When the system in question is started using an ATA drive as the main boot drive, and the SCSI driver set as a module, then the adapter works, and the drive under test will come up and can be mounted. When the SCSI drive is the ONLY drive in the system, and the advansys driver is compiled in, the firmware fails to load, which means the card won't operate. Trying to set up an initramfs while using the advansys driver as a module also results in a no-boot scenario for this adapter/drive combo. Once again, the firmware won't load, and the system is dead in the water.

I am fairly sure that there are incantations; options that can be used via the boot loader (lilo in my case) that will allow the adapter to run alone.
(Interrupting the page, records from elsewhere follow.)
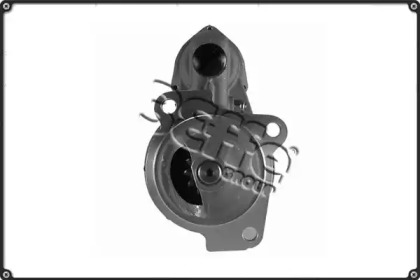 3effe group prsf321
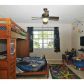 607 SE 27 DR, Homestead, FL 33033 ID:13089104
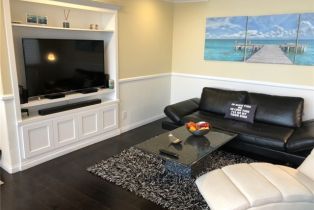 Condominium, 555 Esplanade, Redondo Beach, CA 90277 - 14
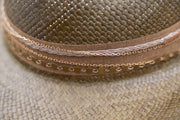Zena Panama Hat
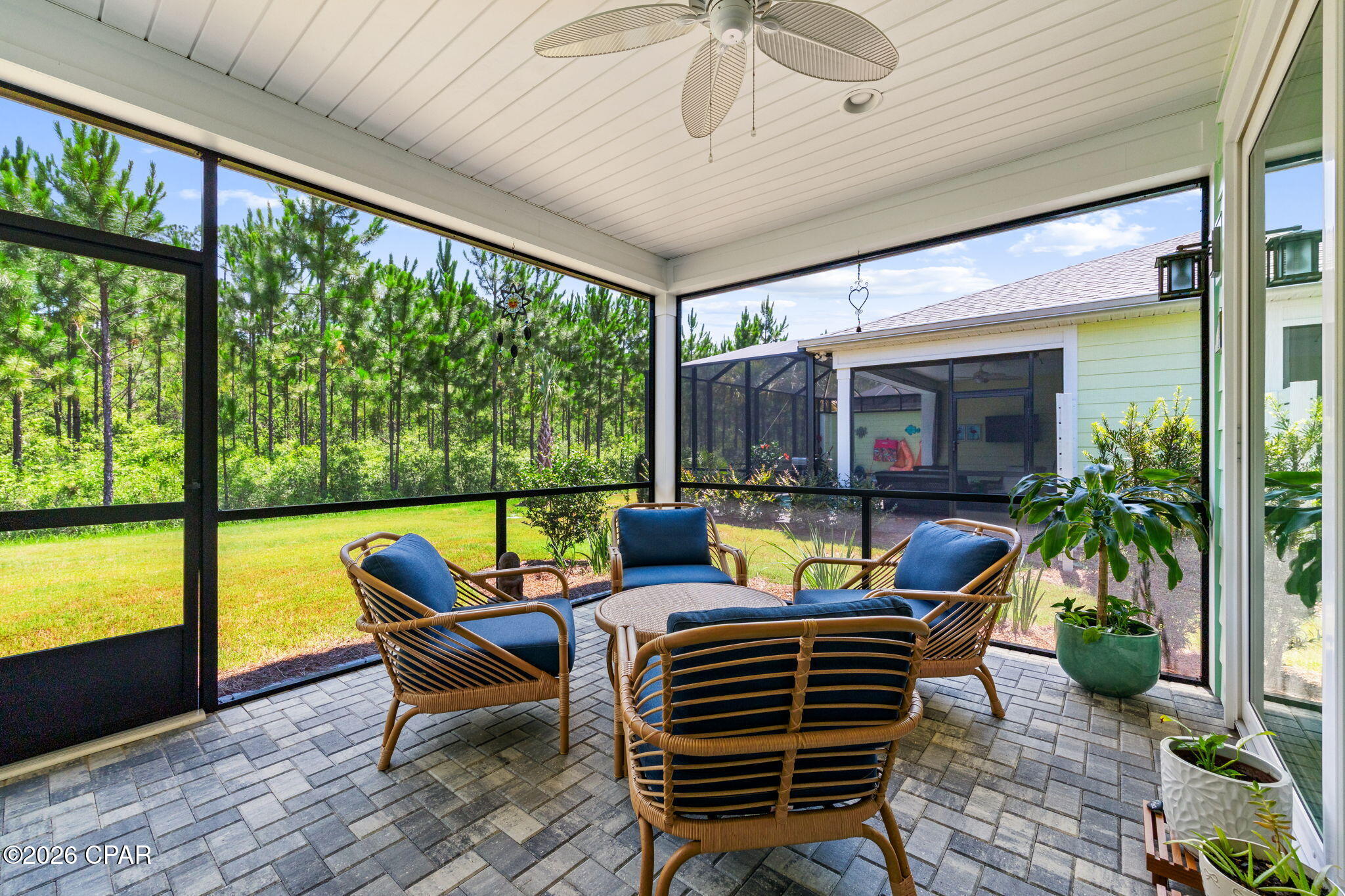 9311 Cool Breeze Drive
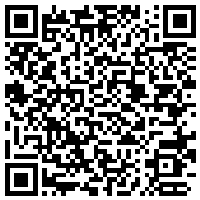 QR Code for bitcoin:bitcoin:bitcoin:bitcoin:bitcoin:bitcoin:dash:XiWRDag4DWVNeMryCffrrYFqrmKVkC5m4d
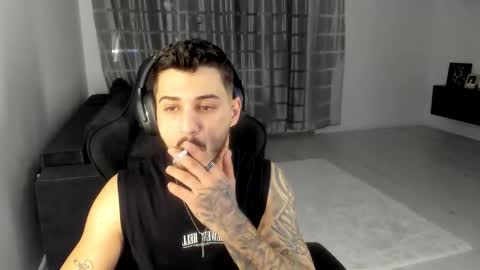 Snapshot of jonnyporn1 chatting on 15, 2, 2026 jonnyporn1 online show from 15, 2, 2026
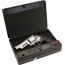 HORNADY KEYPAD VAULT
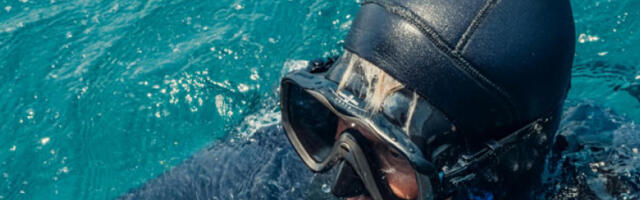 Пад цене кокаина оживео „нарко подморнице“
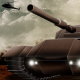 Танковая оборона | Tank Guardians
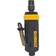 Dewalt DWMT70783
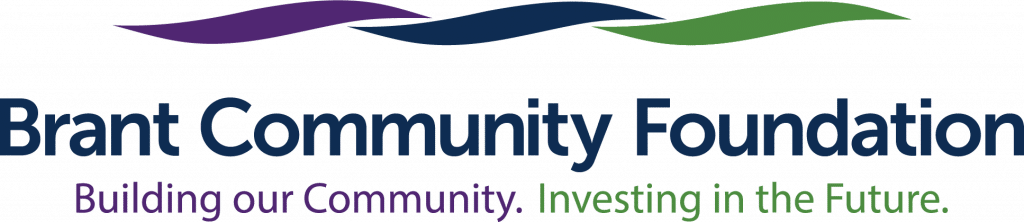 Brant Community Foundation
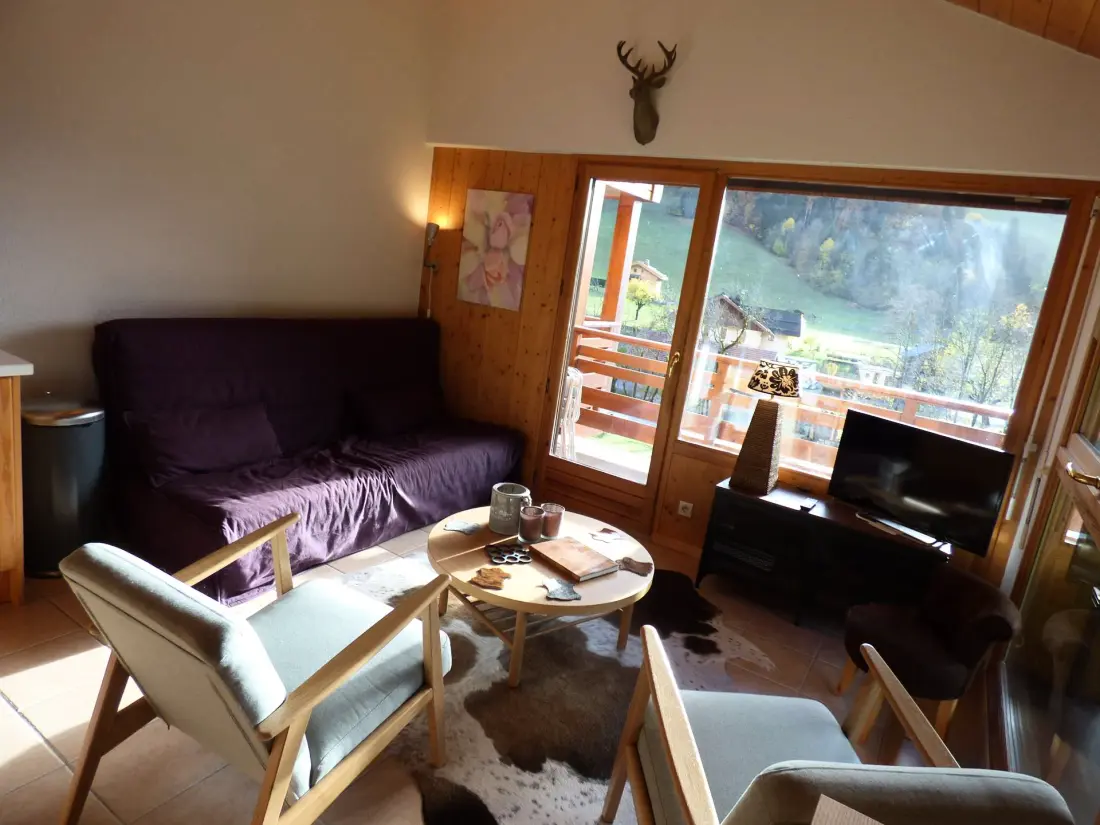 Residence Jade 2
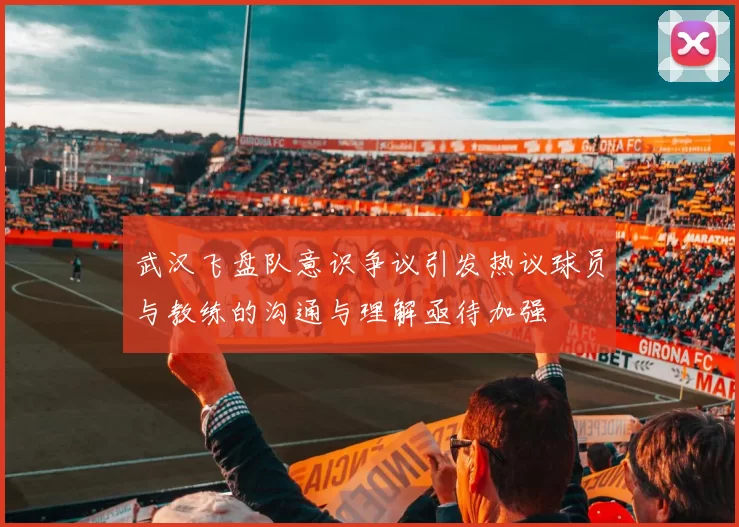 武汉飞盘队意识争议引发热议球员与教练的沟通与理解亟待加强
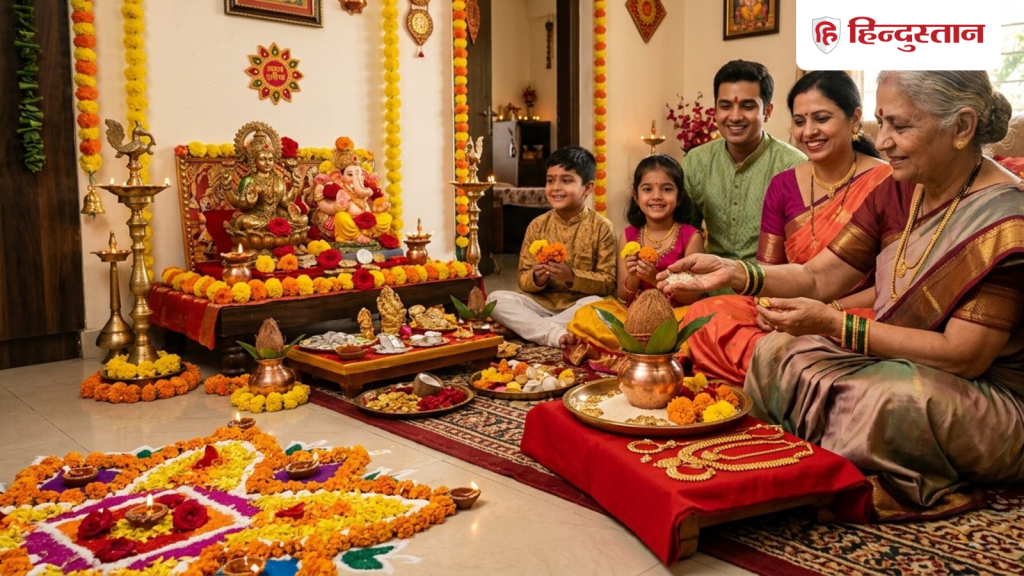 क्या 19 अप्रैल को है अक्षय तृतीया, जानें अक्षय तृतीया पर क्या खरीदना रहेगा...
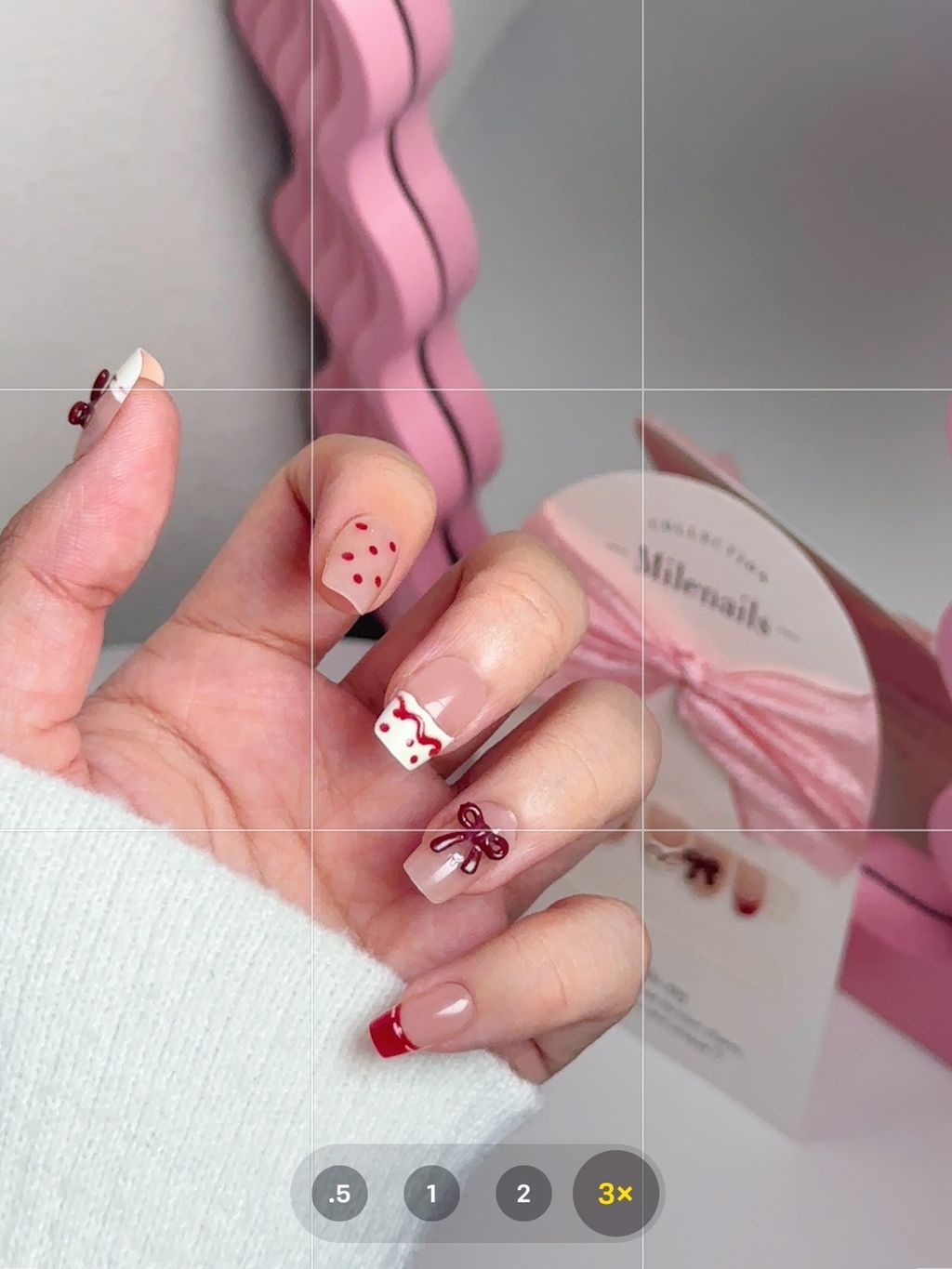 IMG_6984-1736490151994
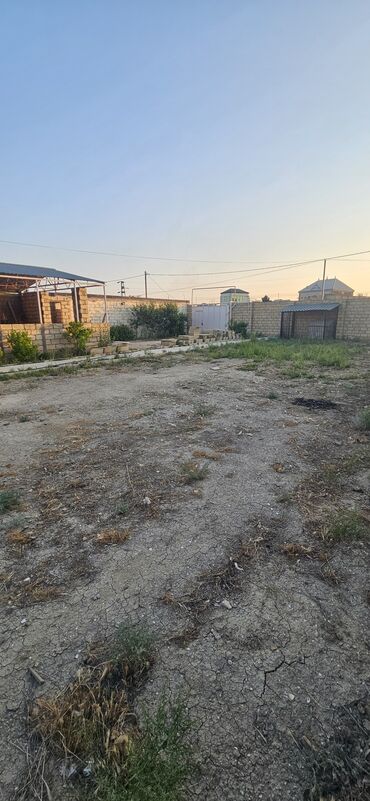 Kommersiya daşınmaz əmlakının satışı: Прямо на берегу моря! Отличное вложение,сырость полностью отсутствиет! -da lalafo.az — 15 Kommersiya daşınmaz əmlakının satışı: Прямо на берегу моря! Отличное вложение,сырость полностью отсутствиет! — 15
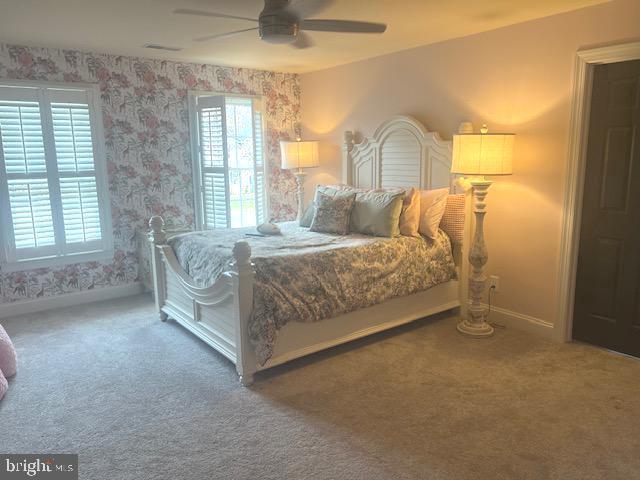 12136 SAWHILL BLVD, SPOTSYLVANIA, Virginia 22553, 5 Bedrooms Bedrooms, ,5 BathroomsBathrooms,Residential,12136 SAWHILL BLVD,VASP2038304 MLS # VASP2038304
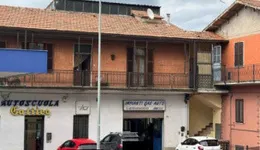 Aste giudiziarie immobiliari online - 5.0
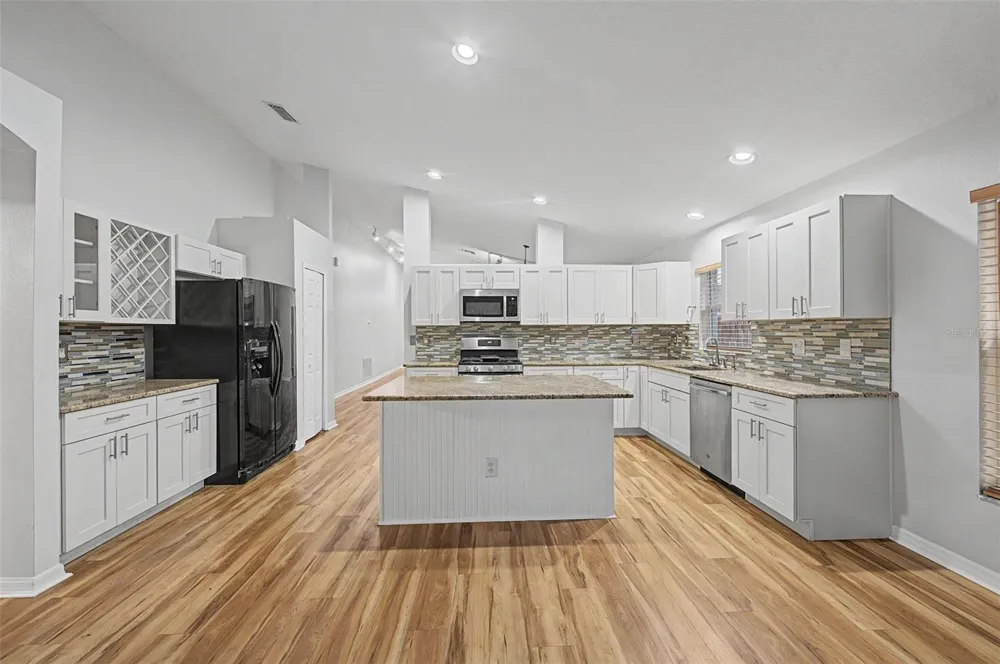 6222 CRICKETHOLLOW DRIVE Riverview, FL 33578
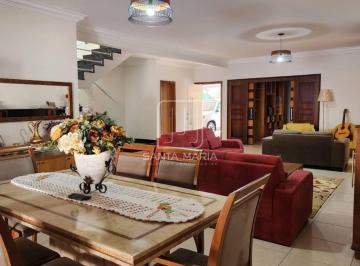 Sala · Casa (sobrado em condominio) 4 dormitórios/suite, cozinha planejada, portaria 24 horas, em condomíni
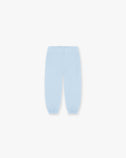 Mini Rep Applique Sweatpants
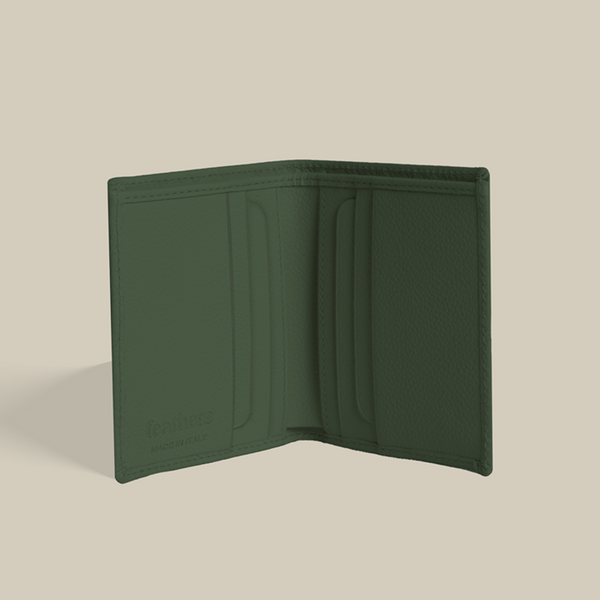 محفظة فانجارد ميني سكوير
If anyone out there has an advansys SCSI adapter that works, please let me know what it will take to get things going. 

I am fairly sure it's a question of IRQ's, IO ports, or the wicked combo of the two that is the root of my evil. I am also fairly sure that there are others out there who have this card working in their machines. Please tell me how to make it work. Googling isn't the way on this one.

Cheers,

Pappy

----------

## NeddySeagoon

pappy_mcfae,

When you make the driver as a module, its firmware goes in /lib/firmare.

Since root is mounted when you load the module, the firmware can be loaded from /lib/firmware and all is well.

Whe you make the driver built in, the firware must be loaded *before* root is mounted, so /lib/firmware is no use at all.

You must build the firmware into the kernel.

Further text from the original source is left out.